Short web captions –
==========
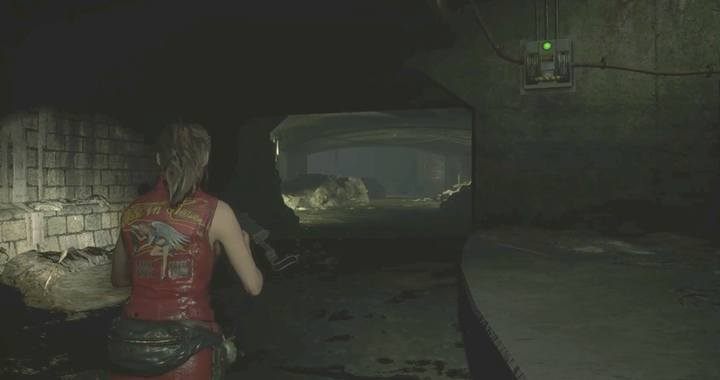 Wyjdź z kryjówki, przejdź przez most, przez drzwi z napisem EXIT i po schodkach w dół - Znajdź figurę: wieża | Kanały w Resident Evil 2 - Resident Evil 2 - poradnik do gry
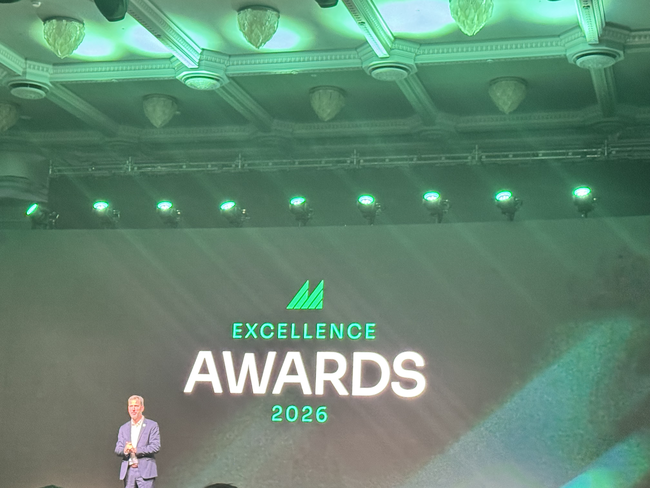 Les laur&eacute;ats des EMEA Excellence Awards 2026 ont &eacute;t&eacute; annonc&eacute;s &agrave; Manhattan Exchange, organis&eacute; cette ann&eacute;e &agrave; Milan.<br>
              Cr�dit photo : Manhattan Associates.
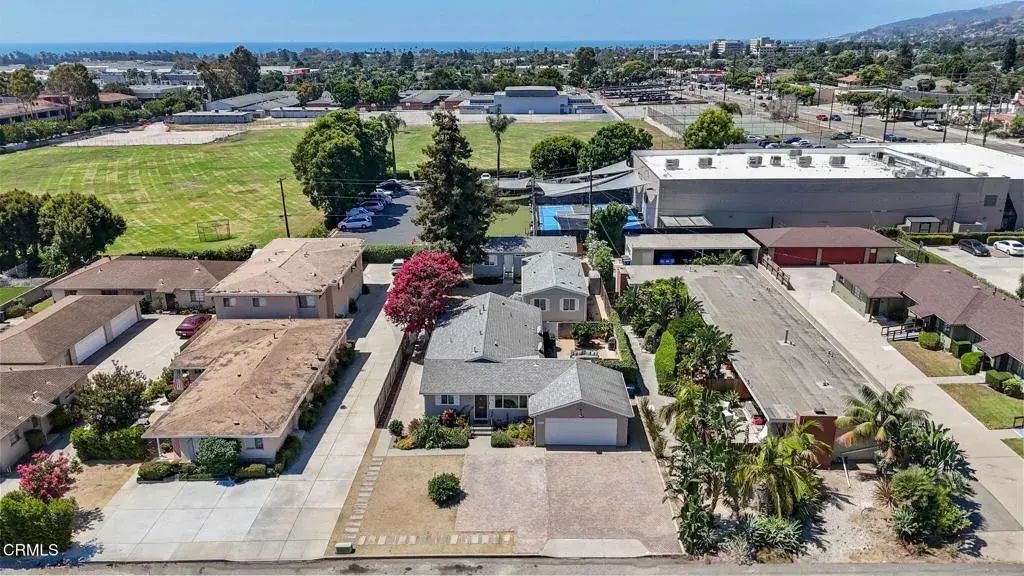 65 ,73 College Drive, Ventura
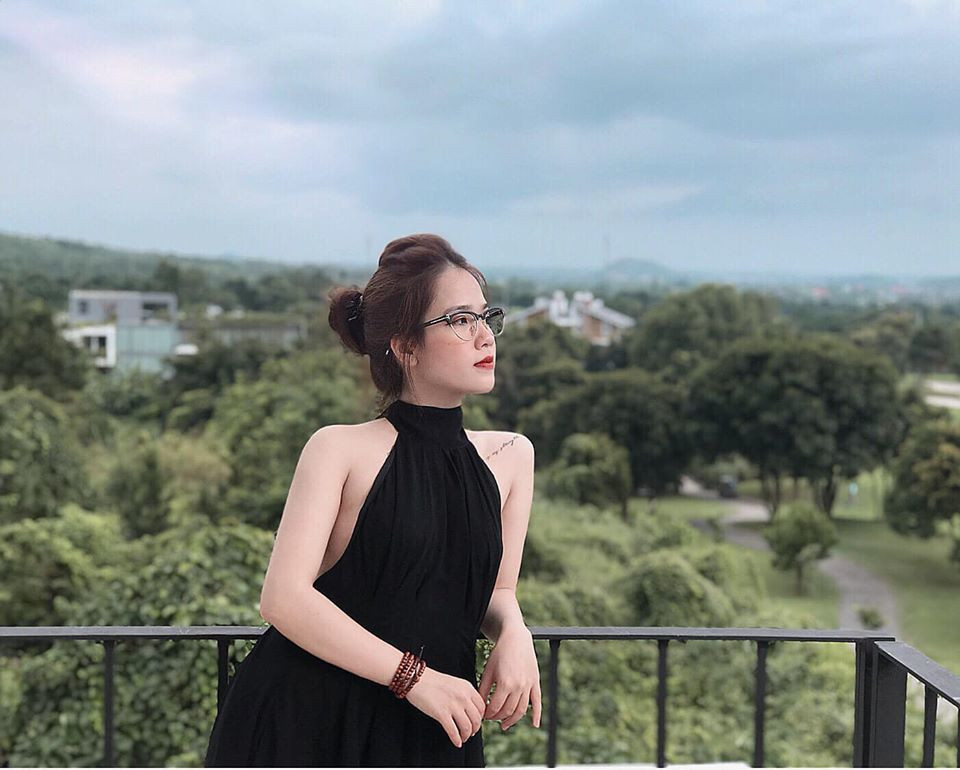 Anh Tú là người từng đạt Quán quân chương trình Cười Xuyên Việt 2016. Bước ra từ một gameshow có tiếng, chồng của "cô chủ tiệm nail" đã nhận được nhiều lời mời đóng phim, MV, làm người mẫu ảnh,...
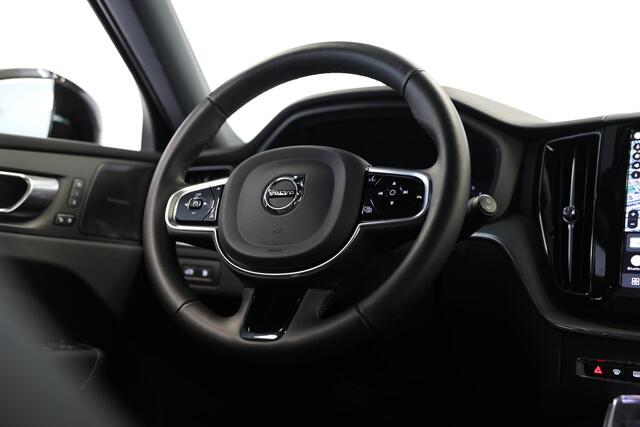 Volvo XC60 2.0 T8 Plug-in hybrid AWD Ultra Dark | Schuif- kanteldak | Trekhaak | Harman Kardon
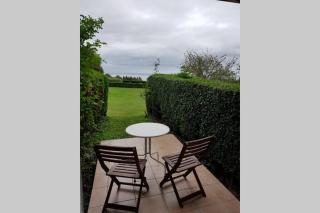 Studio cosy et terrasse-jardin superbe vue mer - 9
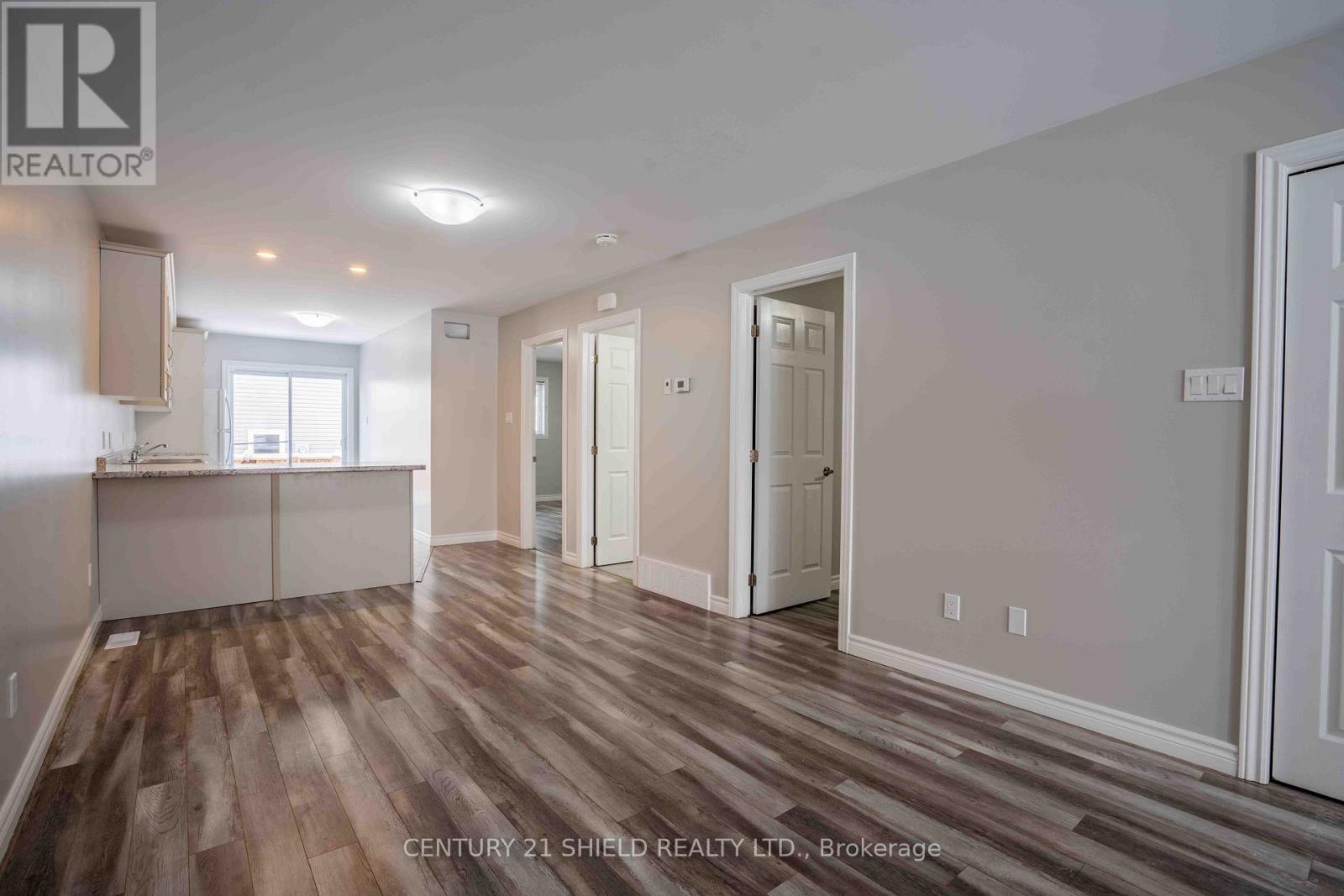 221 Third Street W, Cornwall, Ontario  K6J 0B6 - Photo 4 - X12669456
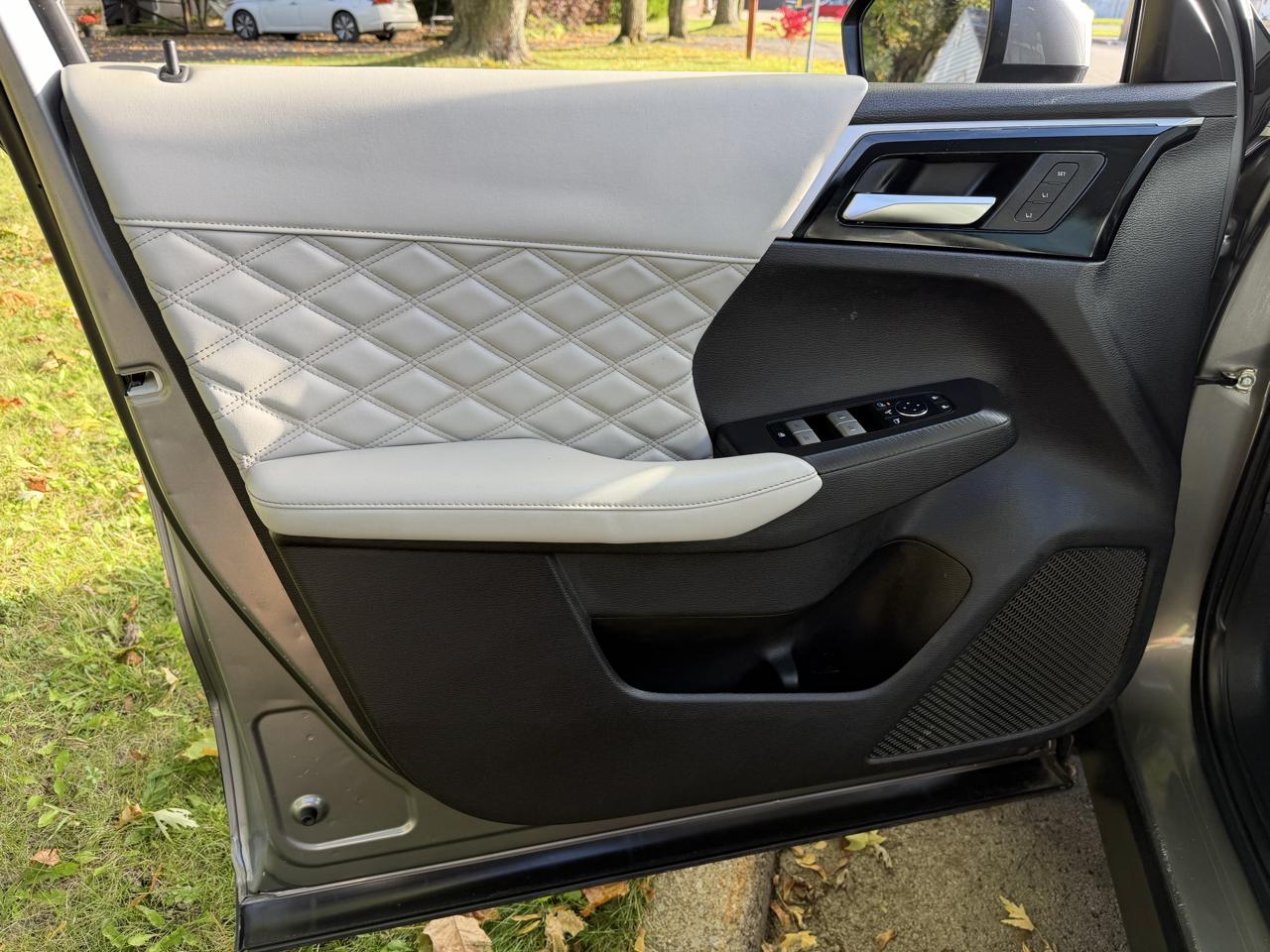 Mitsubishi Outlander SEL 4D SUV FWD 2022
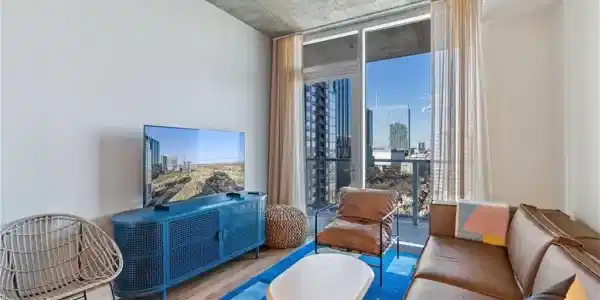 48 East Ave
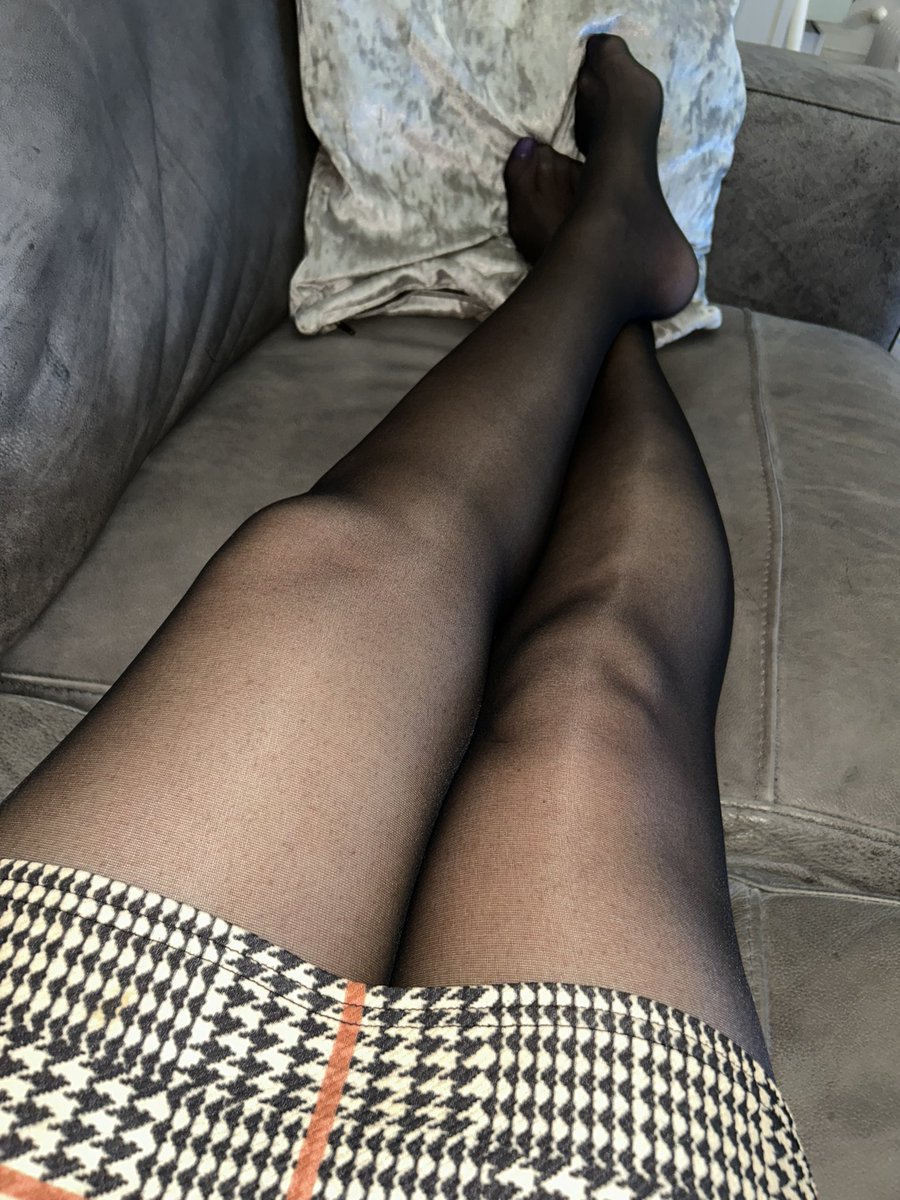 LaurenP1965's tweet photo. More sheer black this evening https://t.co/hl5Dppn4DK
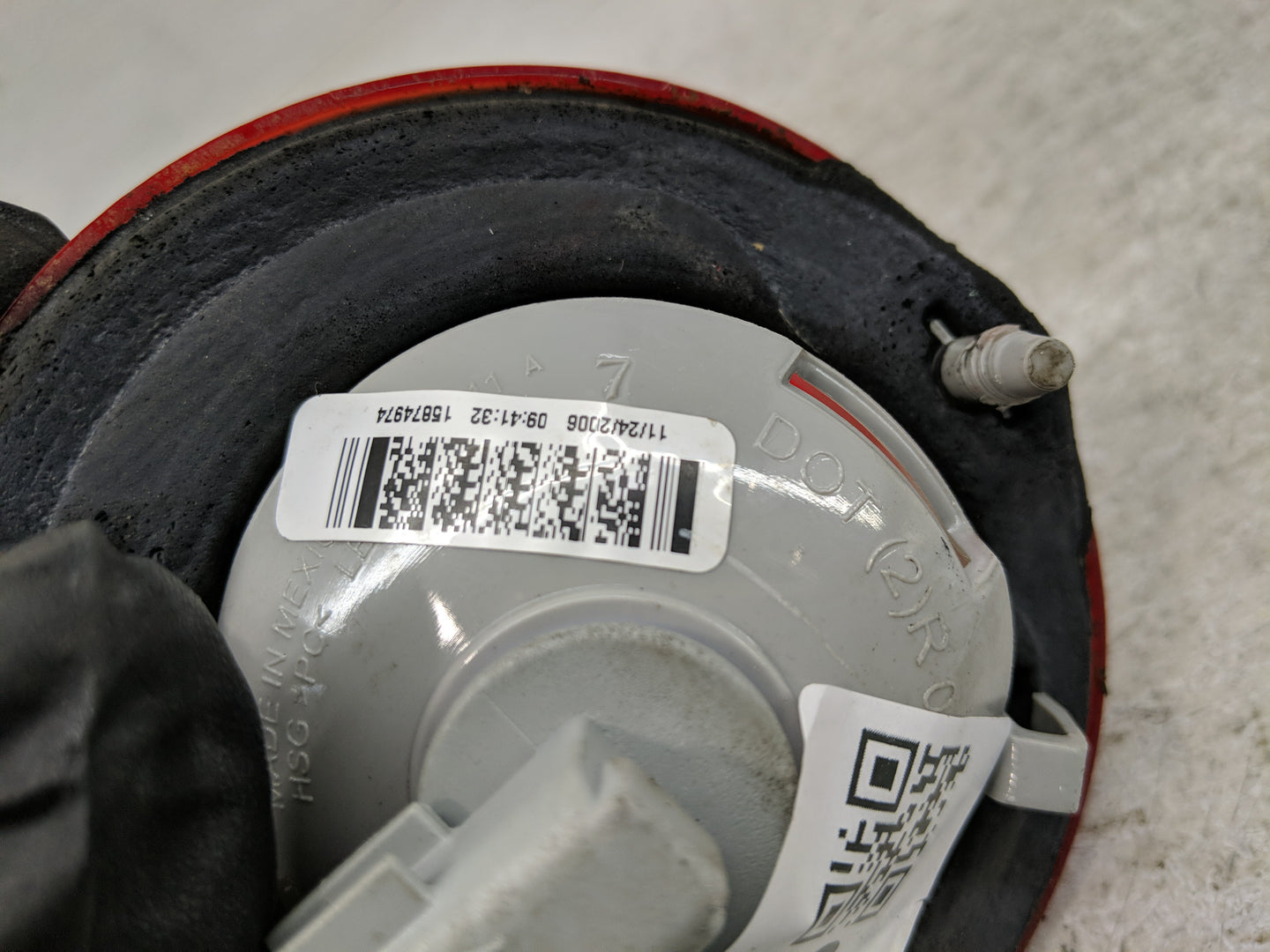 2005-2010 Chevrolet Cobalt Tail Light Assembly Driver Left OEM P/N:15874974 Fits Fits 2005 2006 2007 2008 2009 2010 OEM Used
==========
Transcribe the lines that run from the line bearing "Volvo XC60 2.0" through the last line of the data. Keep the wording exact and leave out every picture.

 Volvo XC60 2.0 T8 Plug-in hybrid AWD Ultra Dark | Schuif- kanteldak | Trekhaak | Harman Kardon
 Studio cosy et terrasse-jardin superbe vue mer - 9
 221 Third Street W, Cornwall, Ontario  K6J 0B6 - Photo 4 - X12669456
 Mitsubishi Outlander SEL 4D SUV FWD 2022
 48 East Ave
 LaurenP1965's tweet photo. More sheer black this evening https://t.co/hl5Dppn4DK
 2005-2010 Chevrolet Cobalt Tail Light Assembly Driver Left OEM P/N:15874974 Fits Fits 2005 2006 2007 2008 2009 2010 OEM Used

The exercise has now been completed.